Cour administrative d'appel de Toulouse — Décision N° CAA31-22TL21385

mardi 28 juin 2022

JuridictionCour administrative d'appel de Toulouse
SectionCour administrative d'appel de Toulouse
N° DossierCAA31-22TL21385
TypeOrdonnance
Recourssuspension sursis
PublicationC
Avocat requérantROSE

Texte intégral

Vu la procédure suivante :

Procédure contentieuse antérieure :

Mme B A a demandé au tribunal administratif de Montpellier d'annuler l'arrêté du 10 mars 2022 par lequel le préfet de l'Hérault l'a obligée à quitter sans délai le territoire français et l'a interdite de circulation en France pendant une durée de trois ans et de mettre à la charge de l'État la somme de 1 500 euros en application de l'article L. 761-1 du code de justice administrative et de la loi du 10 juillet 1991.

Par un jugement n° 2106681 du 9 juin 2022, le tribunal administratif de Montpellier a rejeté sa demande.

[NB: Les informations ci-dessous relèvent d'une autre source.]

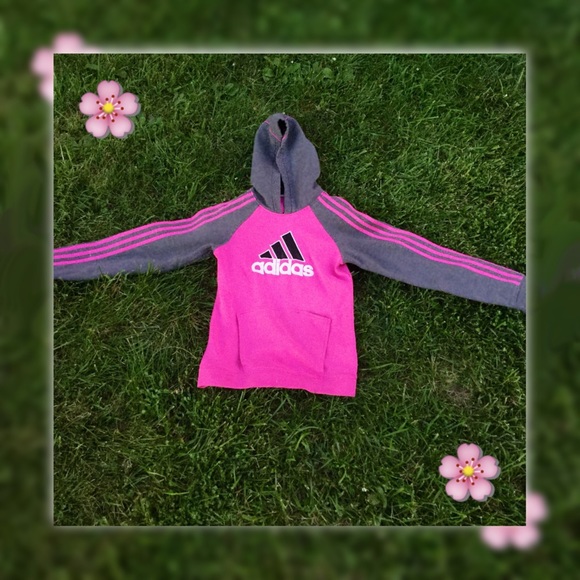 Adidas Climalite Athletic Hoodie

Procédure devant la cour :

Par une requête, enregistrée le 24 juin 2022, Mme A, représentée par Me Rosé, demande à la cour :

1°) de surseoir à l'exécution de ce jugement du 9 juin 2022 et de l'arrêté du préfet de l'Hérault du 10 mars 2022 ;

2°) après l'avoir admis à l'aide juridictionnelle, d'abord à titre provisoire, de mettre à la charge de l'État la somme de 2 000 euros, au titre de l'article L. 761-1 du code de justice administrative et de l'article 37 de la loi du 10 juillet 1991, à verser à son avocat.

Elle soutient que :

- les conditions fixées par l'article R. 811-17 du code de justice administrative sont remplies dès lors que l'obligation de quitter le territoire français entraîne des conséquences difficilement réparables et qu'elle présente des moyens sérieux ;

- le jugement et la décision méconnaissent l'article L. 251-1 du code de l'entrée et du séjour des étrangers et du droit d'asile ainsi que l'article 27 de la directive 2004/38/CE dès lors que l'obligation de quitter le territoire doit être motivée par le comportement personnel de la personne visée par la mesure, comportement personnel constituant une menace réelle, actuelle et grave à un intérêt fondamental de la société ce qui n'est pas le cas ;

- le jugement dénature les faits de l'espèce ;

- l'obligation de quitter le territoire français est entachée d'un détournement de procédure qui a pour effet de porter atteinte à son droit au recours ;

- la décision n'est pas suffisamment motivée en méconnaissance de l'article 30 de la directive 2004/38/CE ;

- l'administration a commis une erreur de droit au regard des dispositions de l'article 27 de la directive 2004/38/CE ;

- le refus d'accorder un délai de départ volontaire méconnaît l'article L. 251-3 du code de l'entrée et du séjour des étrangers et du droit d'asile en l'absence de toute urgence ;

- ce refus révèle un détournement de procédure afin de la priver de son droit au recours ;

- l'interdiction de circulation est illégale en raison de l'illégalité de l'obligation de quitter le territoire invoquée par voie d'exception ;

- cette interdiction n'est pas motivée en méconnaissance de l'article 30 de la directive 2004/38/CE ;

- elle méconnaît l'article 27 de la même directive.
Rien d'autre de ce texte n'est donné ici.